US stocks were part of a global sell-off Tuesday as a retail-heavy week began by showing continued consumer resilience in the US, but China painted a grim picture for the world's second-largest economy.
The Dow Jones Industrial Average fell 1% as bank shares tumbled amid the prospect of stricter oversight. The S&P 500 fell about 1.2%, while the tech-heavy Nasdaq Composite slipped 1.1%. The moves added pressure to a glum August for stocks after the indexes had a rebound day on Monday, with the Nasdaq rising over 1%.
Home Depot (HD) kicked off retail earnings week by beating estimates but warning of “continued pressure” on consumers, as the company said customers are pulling back on home-renovation projects. Target (TGT) is up next on Wednesday, while Walmart (WMT) reports Thursday.
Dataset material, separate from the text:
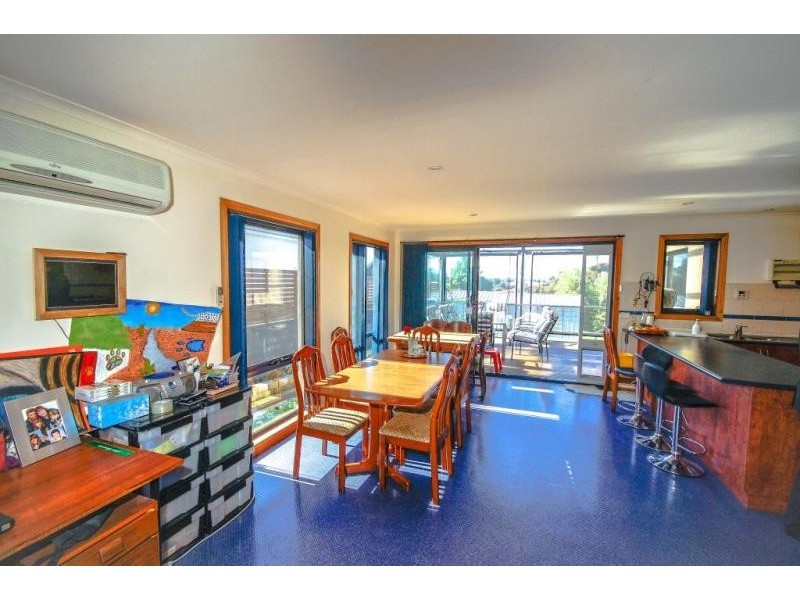 95 Lovett Street, Devonport TAS 7310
Retail sales numbers out Tuesday morning, meanwhile, suggested continued health for the US consumer. Retail sales rose 0.7% in July from the previous month, more than Wall Street's estimates for 0.4% growth.
China's continued economic woes took center stage globally, as the country reported a further decline in health for its economy. China's central bank unexpectedly cut a range of key interest rates in a bid to spur growth in its sputtering economy. Notably, it also suspended the publication of its youth jobless data after months of spirals.